RECORD EXTRACTS –
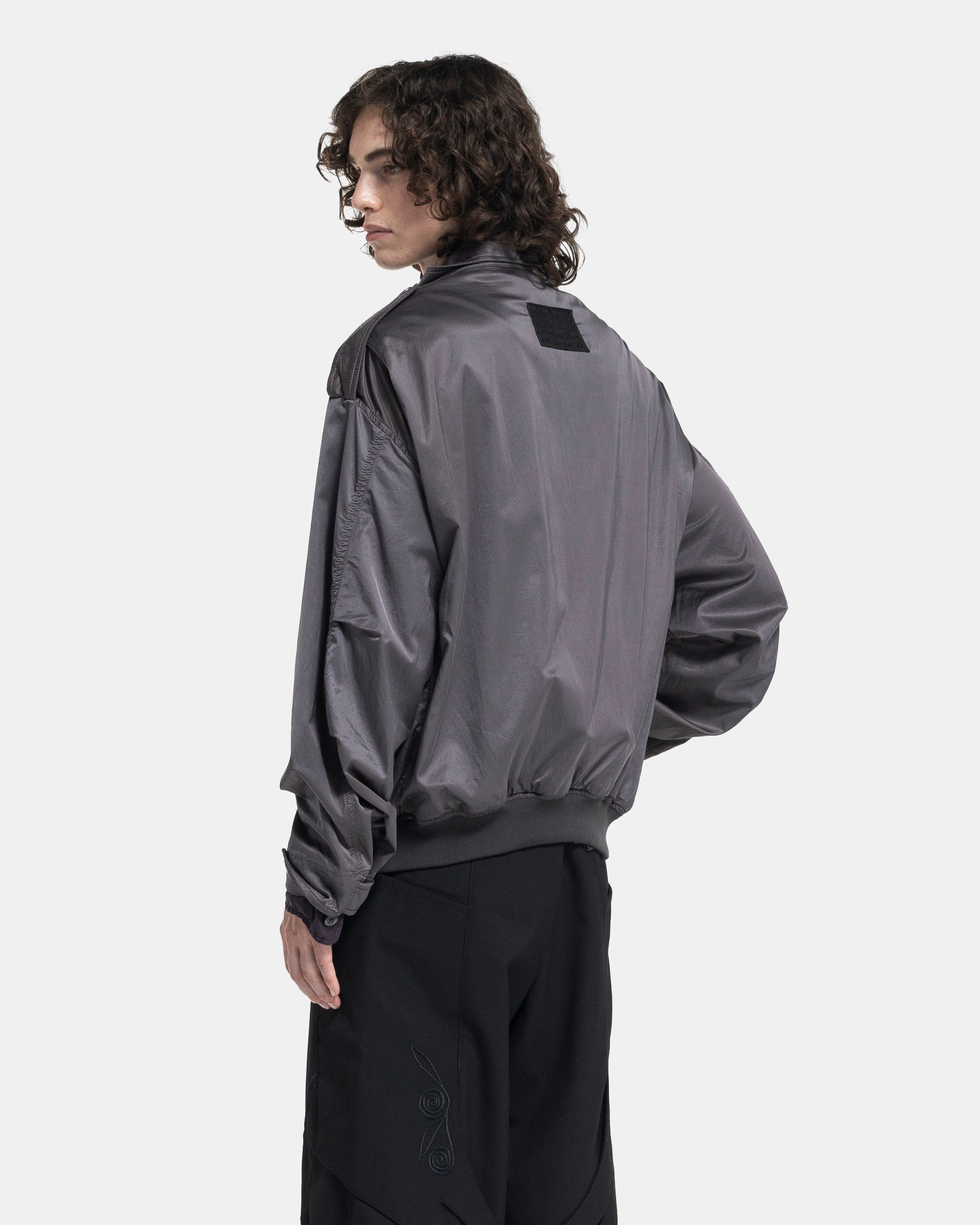 Satin Jacket in Mid Grey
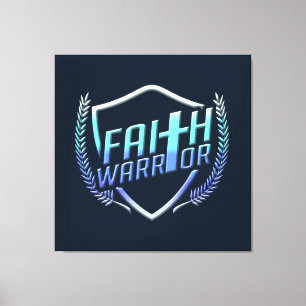 Faith Warrior Christian Blue Purple Ombre Canvas Afdruk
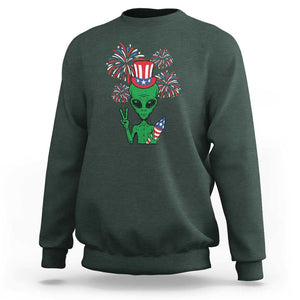 Funny Fourth Of July Alien Sweatshirt American USA Flag Fireworks TS11 Dark Forest Green Print Your Wear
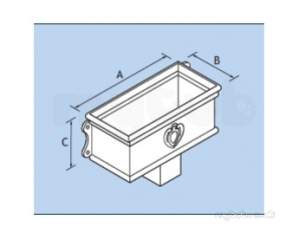 Alumasc Rainwater Products -  Plain 4 Inch X 3 Inch Sq Hopper Head Rwoh/43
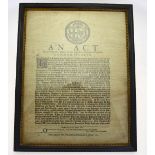 A 1651 printed paper sheet 'An Act Conce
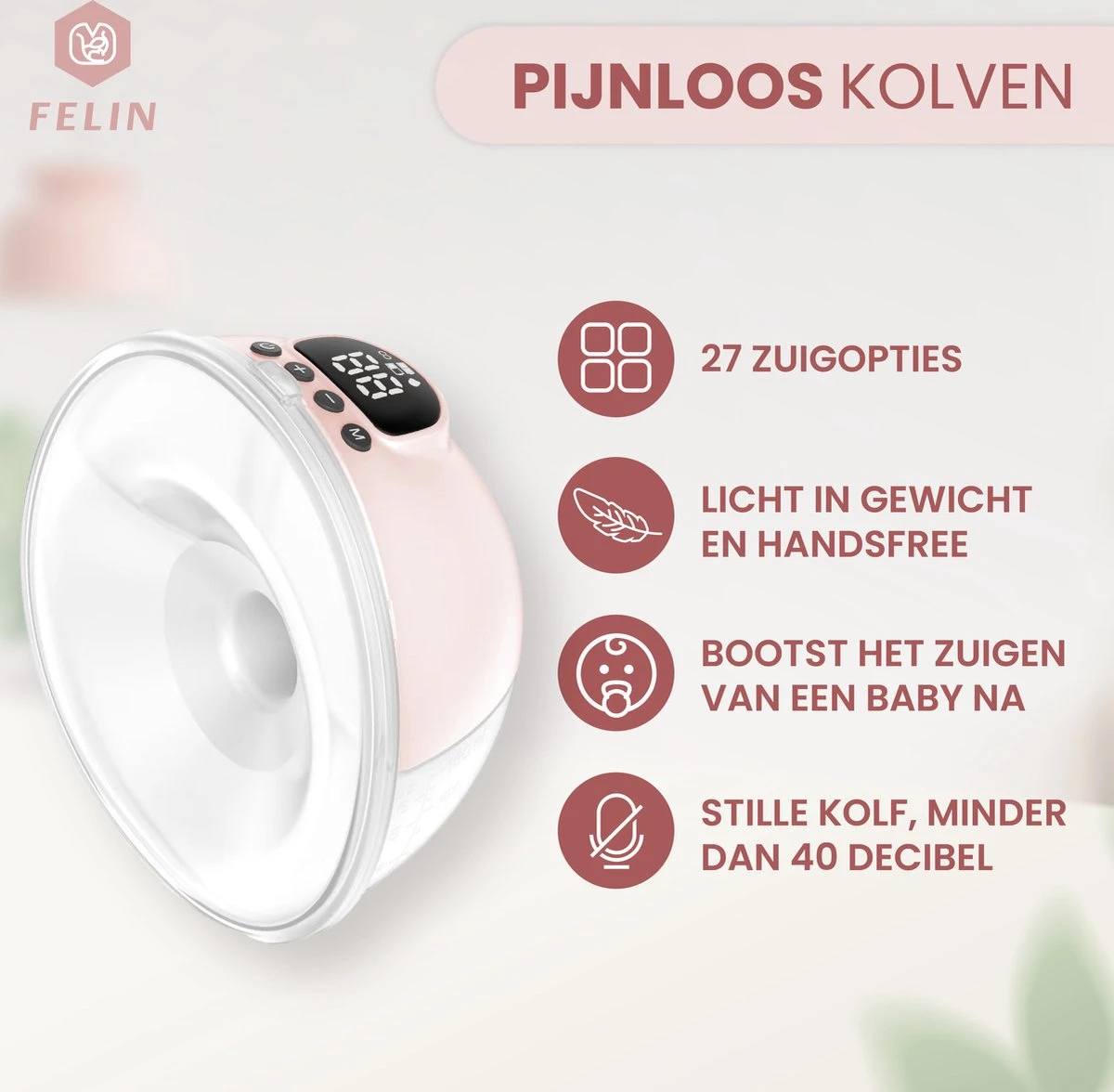 Felin Handsfree Borstkolf - Dubbele Draadloze Elektrische Borstkolf - Inclusief 30 Moedermelk Bewaarzakjes, 3 Maten Borstschildverkleiners & E-Book 4 Felin Handsfree Borstkolf - Dubbele Draadloze Elektrische Borstkolf - Inclusief 30 Moedermelk Bewaarzakjes, 3 Maten Borstschildverkleiners & E-Book - Afbeelding 2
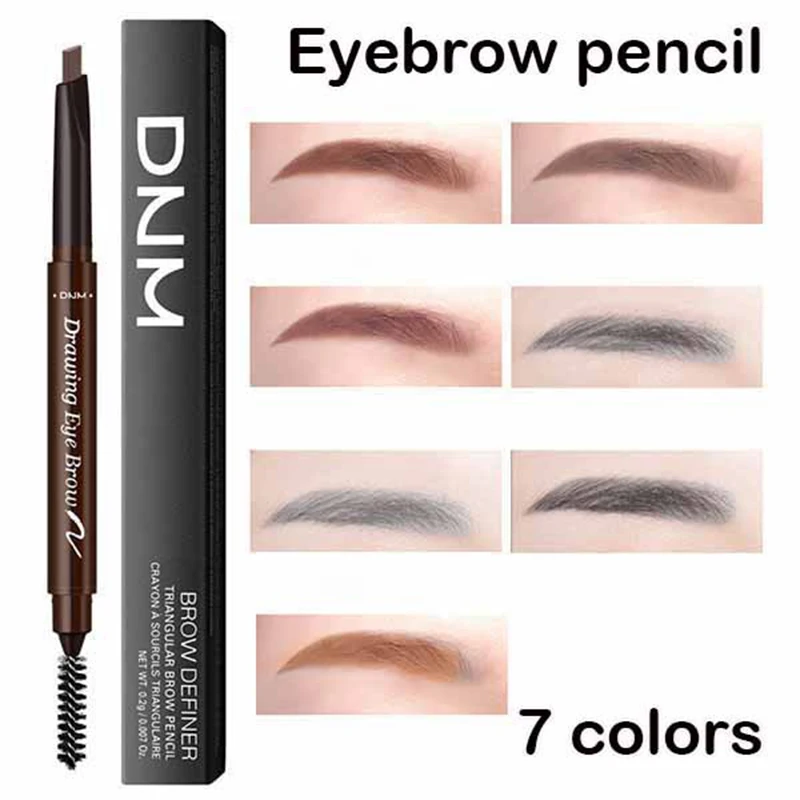 

DNM Double Head Eyebrow Pencil Waterproof Automatic Rotating Squeeze Refill with Brush Eye Brow Tint 7 Color Makeup TSLM1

ASSIGNMENT – Output all the records above exactly, but without their images.

REPLY –
 Satin Jacket in Mid Grey
 Faith Warrior Christian Blue Purple Ombre Canvas Afdruk
 Funny Fourth Of July Alien Sweatshirt American USA Flag Fireworks TS11 Dark Forest Green Print Your Wear
 Alumasc Rainwater Products -  Plain 4 Inch X 3 Inch Sq Hopper Head Rwoh/43
 A 1651 printed paper sheet 'An Act Conce
 Felin Handsfree Borstkolf - Dubbele Draadloze Elektrische Borstkolf - Inclusief 30 Moedermelk Bewaarzakjes, 3 Maten Borstschildverkleiners & E-Book 4 Felin Handsfree Borstkolf - Dubbele Draadloze Elektrische Borstkolf - Inclusief 30 Moedermelk Bewaarzakjes, 3 Maten Borstschildverkleiners & E-Book - Afbeelding 2

DNM Double Head Eyebrow Pencil Waterproof Automatic Rotating Squeeze Refill with Brush Eye Brow Tint 7 Color Makeup TSLM1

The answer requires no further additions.